Clusters can provide very good price performance because they use commercial, off the shelf (COTS) components.

There are several methods of connecting the nodes together. One obvious method is using Ethernet, which is a broadcast protocol. However, other systems use various point-to-point protocols. For example, the nodes can be connected using a grid or mesh.

One interesting example of this is a hypercube. The number of nodes (CPUs) on a hypercube should be a power of 2. Picture a cube, with the corners as nodes and lines between them as connections. There are eight nodes, and no node is more than three hops from any other node. It takes three hops to get from the top left front node to the bottom right back node.

A four dimensional cube would have 16 nodes, and a maximum of four hops to get from one node to another.

A five dimensional hypercube would have 32 nodes and a maximum of five hops to get from one node to another, and so on.

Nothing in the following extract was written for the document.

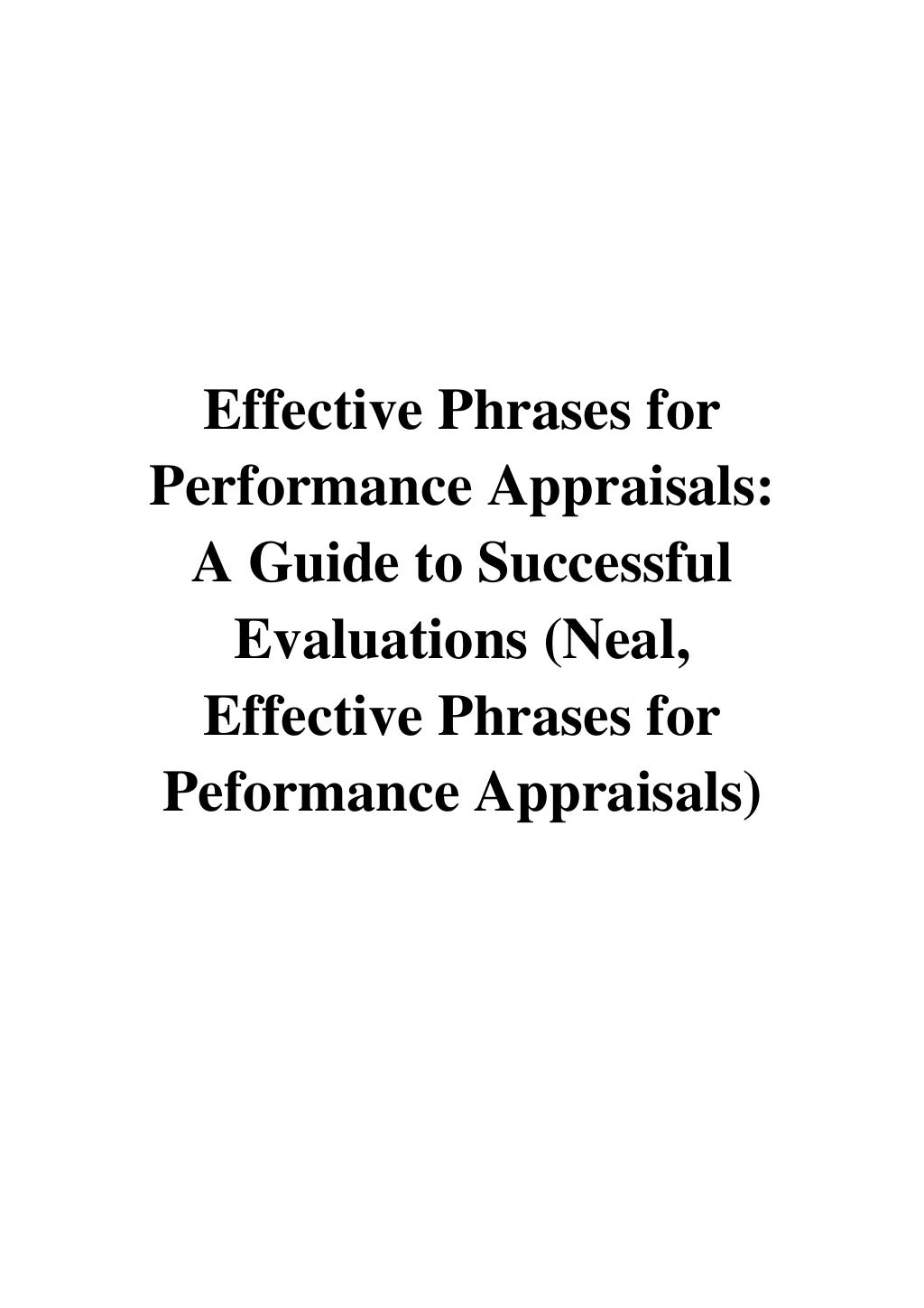  1882423135 9781882423132 Effective Phrases For Performance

Clusters often include middleware to provide a single image to all of the users; that is, the fact that there are numerous nodes is transparent to the typical user. A user logs into the cluster, not onto a particular machine in the cluster, and sees a single file system, such as NFS, a common user interface, and a common view of resources and devices.

Even though each node in the cluster has its own memory, it is possible for a cluster to provide a single memory image for multiple CPUs; this is called Distributed Shared Memory. Each page is in the memory of one of the nodes, but all nodes have access to it. This is made possible because of virtual memory. When a CPU tries to access a page that it does not have in its page table, the OS locates the page in the network (perhaps on some other computer). The network sends to page to the requesting node where it is mapped in its page table.

This can result in cache inconsistencies if a CPU writes to its own instance of a page. As a result, whenever a process is about to execute a WRITE to a virtual memory page, a message is sent to all the other CPUs which hold a copy of that page telling them unmap and discard the page.

Load balancing is a major issue in such systems. Once a process has been assigned to a node, it is difficult to move it, and so if the system is busy, it is important to keep all of the processors occupied. It is easy for a situation to develop where one node is overworked and another is idle.

There are a number of algorithms for this, depending on how much information is available and how much information the scheduler has. Here are three:

A graph theoretic algorithm If the system knows in advance how much communication there will be between various processes, it can minimize the amount of network traffic by assigning clusters of processes which will be sending many messages to each other to the same node. The algorithm which does this is a graph partitioning algorithm Each process is a vertex of the graph, and each arc is the message volume between two nodes. If there are more processes (p) than there are nodes (n), the algorithm will partition the graph of p vertices into n partitions such that the amount of communication between any two nodes is minimized.
A sender initiated distributed algorithm When a new process is created, it runs on the node on which it was created unless the workload on that node exceeds a certain level, in which case it chooses another node at random and asks what its load it. If the load of the new node is below a certain threshold, then the process is sent to that node to be run. If the load on the randomly selected node is too high, then another node is selected at random until a node is found with a low load.
Note that unlike the previous algorithm, this makes no attempt to minimize network traffic, and in fact if the system is heavily loaded, this algorithm generates even more network traffic.
A receiver initiated distributed algorithm This is the opposite algorithm. Whenever a process terminates on a node, if the workload on that node is below a threshold, it queries other nodes. If it finds a node which is heavily loaded, that node will send a process to the lightly loaded node.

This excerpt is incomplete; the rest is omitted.